The 2018 Monaghan Senior Football Championship was the 112th edition of Monaghan GAA's premier gaelic football tournament for senior clubs in County Monaghan, Ireland. Ten teams competed, with the winners representing Monaghan in the AIB GAA Ulster Club Senior Football Championship. The championship used a double-elimination format for Rounds 1 and 2 before becoming knock-out.

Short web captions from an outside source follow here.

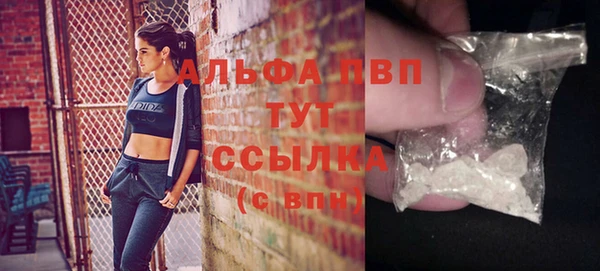 тгк Володарск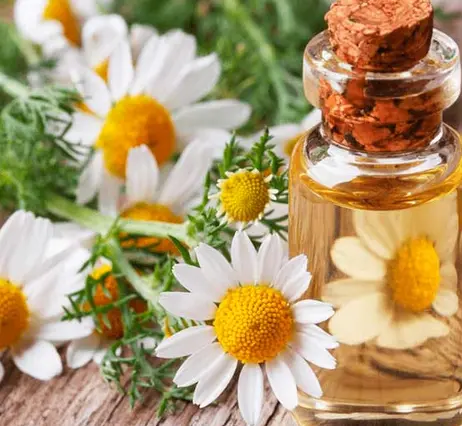 Водный экстракт ромашки аптечной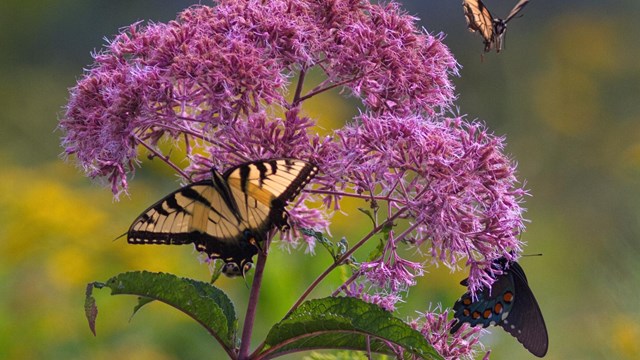 A few butterflies on a purple flowering plant.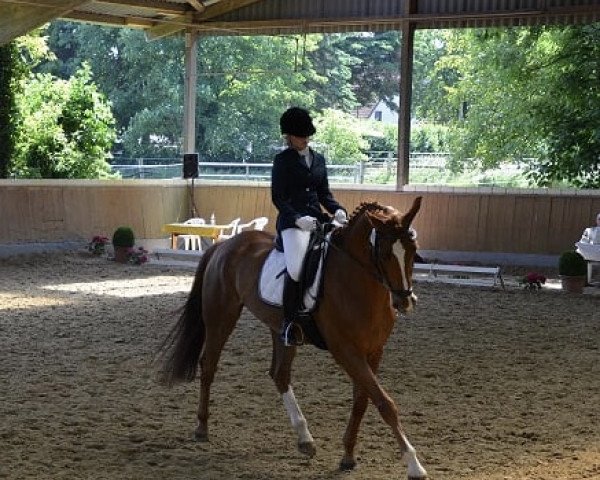dressage horse Digretto (Oldenburg, 2007, from Daddy Cool)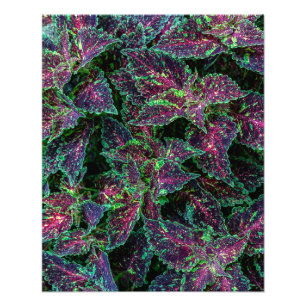 Impression Photo Motif de feuilles de Coleus vibrant.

Scotstown were the defending champions after defeating Magheracloone in the 2017 final, and were aiming for their fourth consecutive title. The 2018 competition saw the return of Carrickmacross and Inniskeen to the Senior ranks following their promotion from the Intermediate competition.

==Team changes==
The two bottom-placed teams in the Monaghan Senior Football League are relegated to the Intermediate ranks for the following season, with the Intermediate Football Championship winners and Intermediate Football League winners promoted in their place. If a team wins both the Intermediate Championship and League, then the next highest placed team in the League will be promoted.

The following teams have changed division since the 2017 championship season.

===To S.F.C.===
Promoted from 2017 Monaghan Intermediate Football Championship
- Carrickmacross Emmets - (Championship & League winners)
- Inniskeen Grattans - (2nd in League)

===From S.F.C.===
Relegated to 2018 Monaghan Intermediate Football Championship
- Donaghmoyne Fontenoys (9th in League)
- Killanny Geraldines (10th in League)

==Participating teams==

| Club | 2017 C'ship Position | Pre-C'ship Odds | Last Success |
|---|---|---|---|
| Ballybay Pearse Brothers | Semi-final | 11/2 | 2012 |
| Carrickmacross Emmets | Promoted | 12/1 | 1919 |
| Castleblayney Faughs | Round 3 | 16/1 | 2003 |
| Clontibret O'Neills | Round 2 | 11/2 | 2014 |
| Inniskeen Grattans | Promoted | 66/1 | 1948 |
| Latton O'Rahillys | Semi-final | 10/1 | 2011 |
| Magheracloone Mitchells | runner-up | 14/1 | 2004 |
| Monaghan Harps | Round 2 | 25/1 | 1923 |
| Scotstown | Winners | 4/7 | 2017 |
| Truagh Gaels | Round 3 | 25/1 |  |

==Preliminary round==
Four of the ten teams are drawn into the preliminary round. The remaining six teams are drawn in Round 1A. The winners of the two Preliminary Rounds play each other in Round 1A.

==Round 1==

===Round 1A===
The six teams not drawn in the preliminary round enter the competition in this round, along with the two Preliminary Round winners (who play each other).
The four Round 1A winners proceed to Round 2A while the four losers enter the back-door in Round 1B.

===Round 1B===
The losers of the preliminary round (two teams) enter this round along with the losers of Round 1A, but not that fixture which contains the preliminary round winners (three teams). A draw will be made to determine the two pairings, with the fifth team obtaining a bye into Round 2B.
Two teams will exit the competition at this stage.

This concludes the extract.